Further to yesterday's post about speakers:
(Image source: Flickr user Enrico Salad)
If you're looking for some reading matter to ease you into loudspeaker design and construction, do not buy Vance Dickason's famous, though now out of print, Loudspeaker Design Cookbook. Even getting a pirated PDF of it is not a great idea. This is because the Design Cookbook is for people who already know what they're doing - its subtitle is "Everything you Need to Become a Better Speaker Designer", emphasis mine. You're going to have to learn about Thiele/Small parameters and some other technical stuff at some point if you're building most kinds of multi-driver and ported loudspeaker, but there are several kinds of speaker you can build without doing anything beyond basic arithmetic.

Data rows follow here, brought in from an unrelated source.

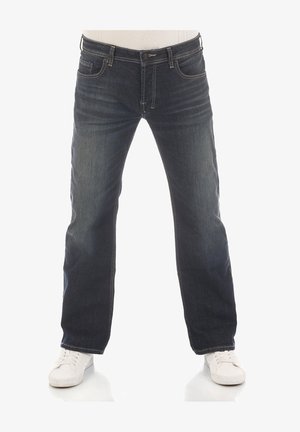 Jean en denim bleu foncé à coupe droite, coutures visibles et cinq poches. Porté avec des baskets blanches.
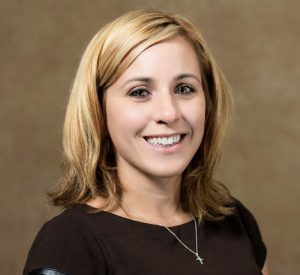 Woman with short blonde hair wearing a dark brown shirt and a silver necklace.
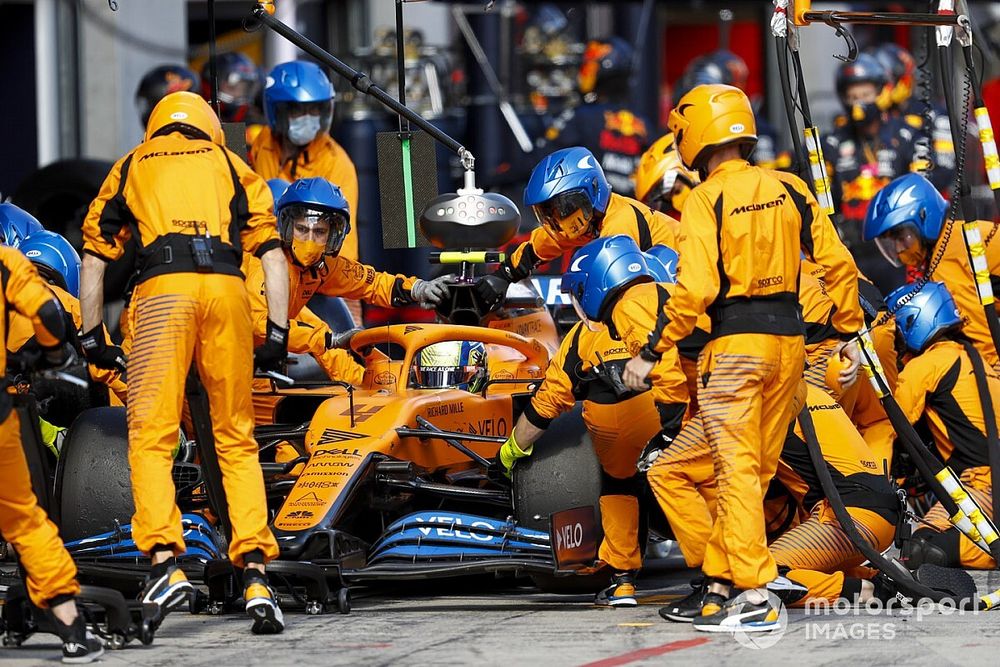 Lando Norris, McLaren MCL35, makes a pit stop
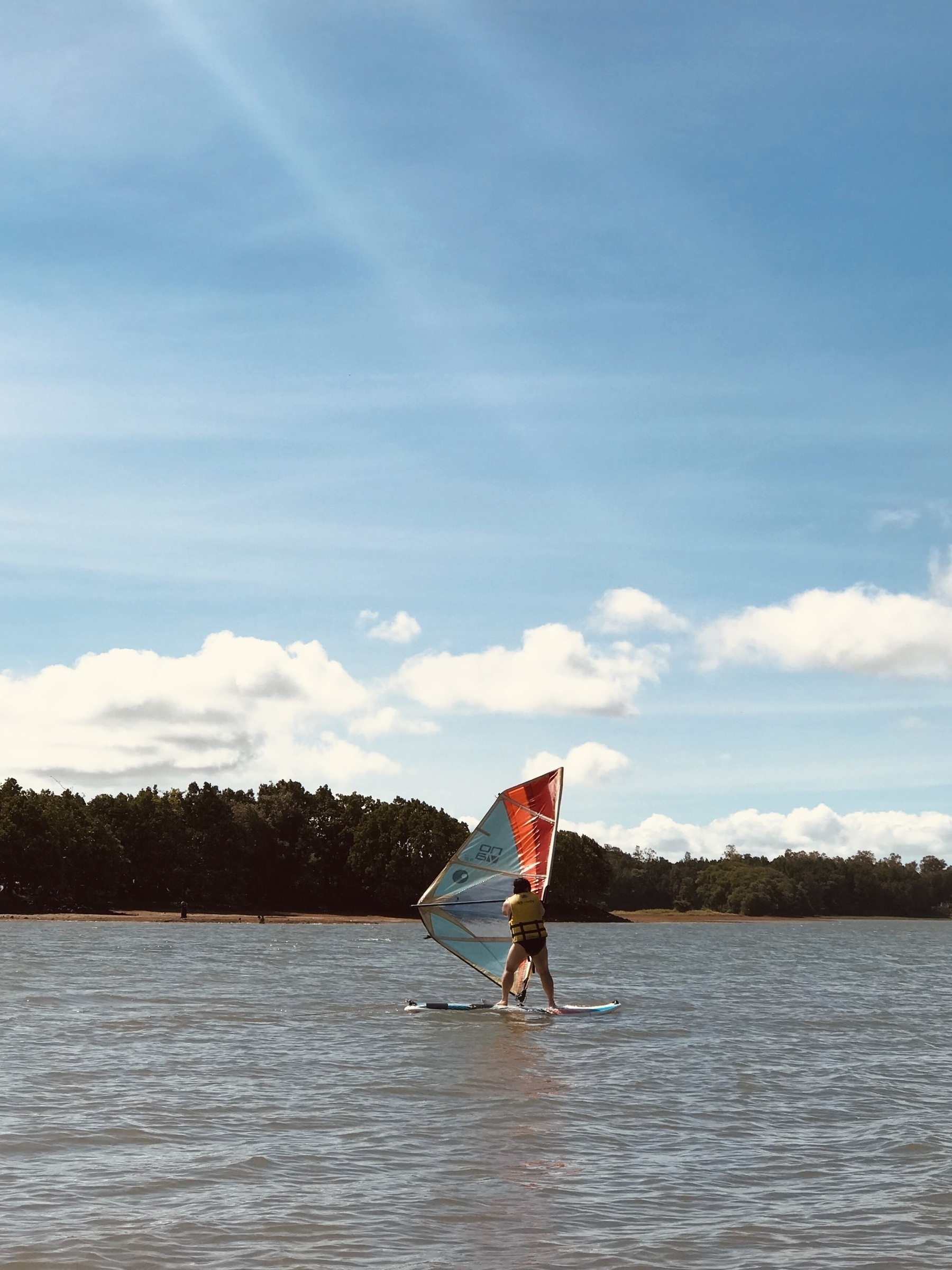 Chi is controlling a windsurfer going to the right of the point-of-view while in the middle of Caliraya Lake in Laguna. The blue sky takes up majority of the shot, with a few clouds and some sun rays visible. In the background, a forest can be seen lining up right before the shore that draws a line in the middle of the shot.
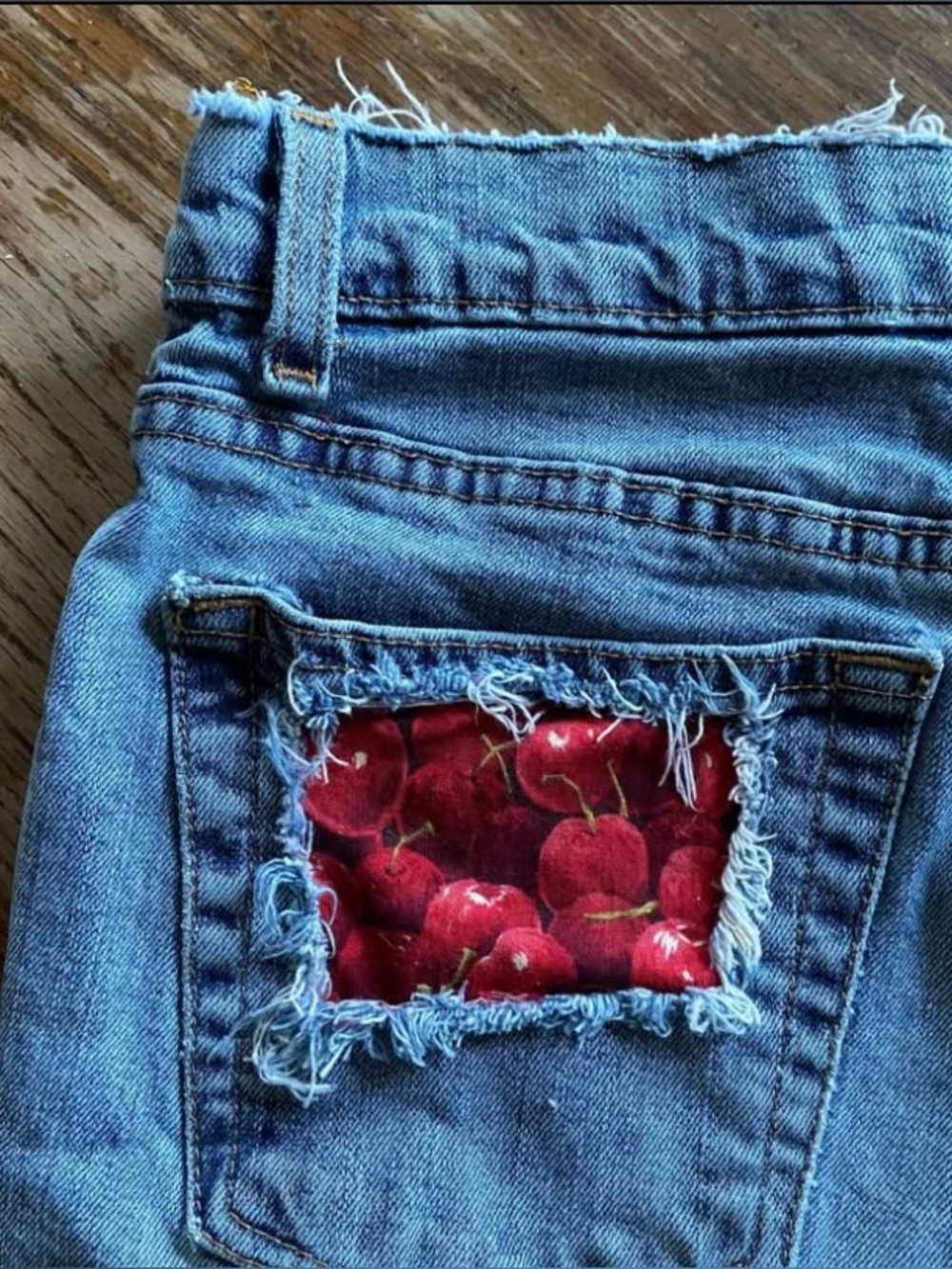 Old Navy vintage light Blue Denim cut off Shorts with Red Cherry Patch
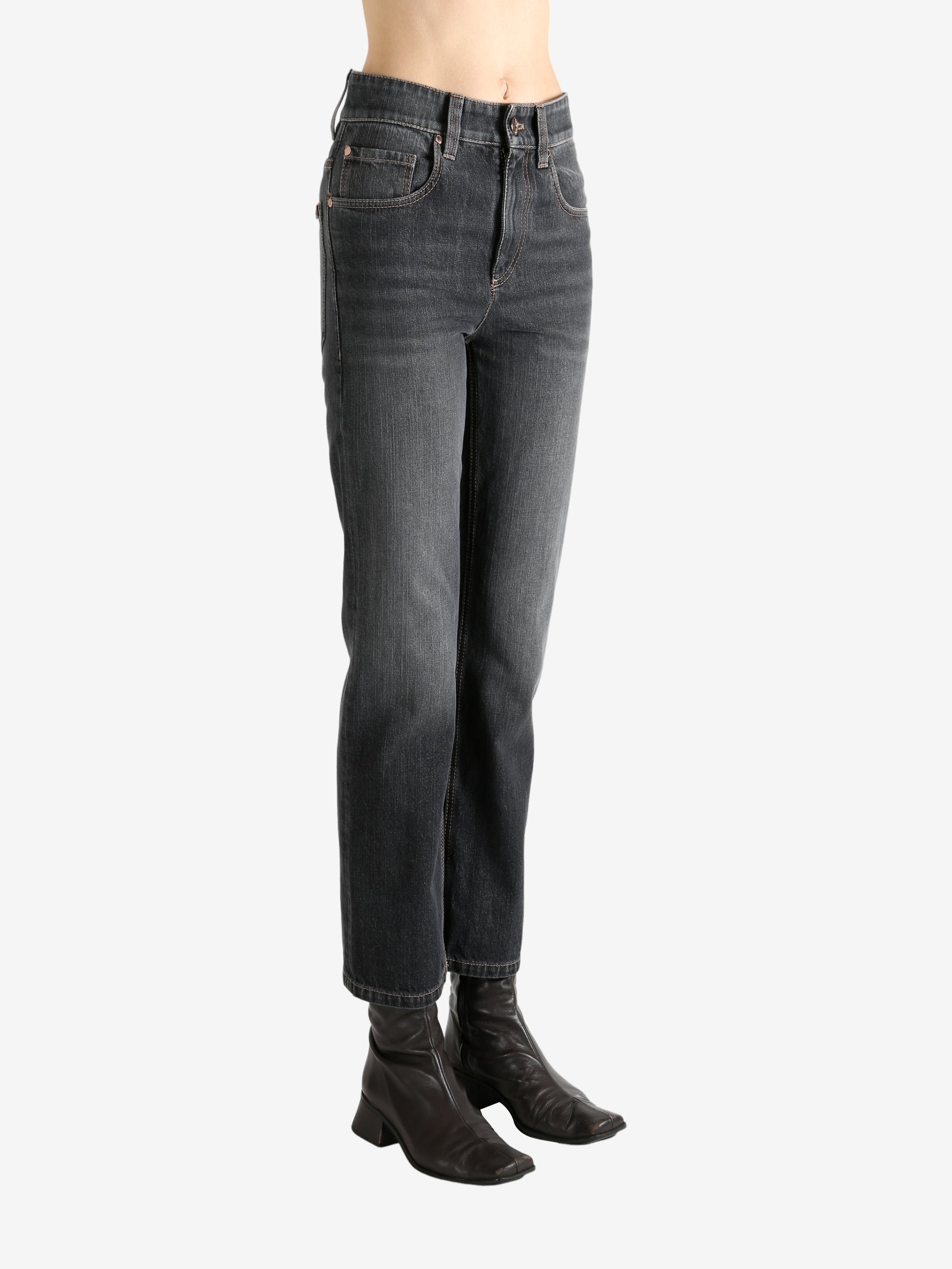 Black jeans worn by a person, showing the jean's fit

There are a ton of books about speaker design, most of which I've never read, so maybe I'm about to suggest you go in a non-optimal direction. But the best book I have read on the subject is V.A. Capel's An Introduction to Loudspeakers and Enclosure Design, which is also out of print but can still be had cheaply on Amazon and on eBay (there are local Australian and UK sellers!UK sellers!).
An Introduction to Loudspeakers and Enclosure Design does what it says on the tin, and includes detailed instructions for building one of those single-cheap-driver transmission-line speakers I'm so keen on. If you build it according to the instructions you'll end up with a folded transmission line with ceramic-tile reflectors on the corners; I'm pretty sure just making the reflectors out of wood wouldn't significantly hurt performance.
(Image source: Flickr user Moisturizing Tranquilizers)
You don't have to do all the extra woodwork required to make a transmission-line enclosure, though. A simple sealed box with one driver will do.
There's a whole subsection of the audiophile world - both the empirical and the woo-woo side - devoted to single-driver speakers, and such a speaker is a really good option for your first speaker project.
(Image source: Flickr user drosen7900)
A solidly constructed box with a single cheap driver can sound remarkably good, especially if the speakers are close to the listener, even though the response plot reports high treble and low bass are missing, presumed dead, and the midrange response looks like a Worms battlefield.
...but now that few people use CRT monitors and TVs, you can build your own computer or hi-fi/home-theatre speakers without even bothering to use magnetically shielded drivers. Any dirt-cheap paper-cone wideranges, or multi-driver round or oval car speakers (which are not strictly speaking single drivers, but can sound good just the same) will do.
And for your first project, all you need is a sealed box, the bigger the better, with one hole in the front that roughly fits a single driver. You will probably need to be able to solder, but not a lot of work is involved, and what work you do have to do can be quite sloppy and still give a perfectly functional result. (Think of it as the Roman Army knife of loudspeakers!)
Oh, and on the subject of very heavy speaker cabinets: What do you do if you've already got some speakers, but you want their cabinets to be less resonant?
(Image source: Flickr user Voxphoto)
Just cast your own speaker stands out of concrete, and bolt the speakers onto them!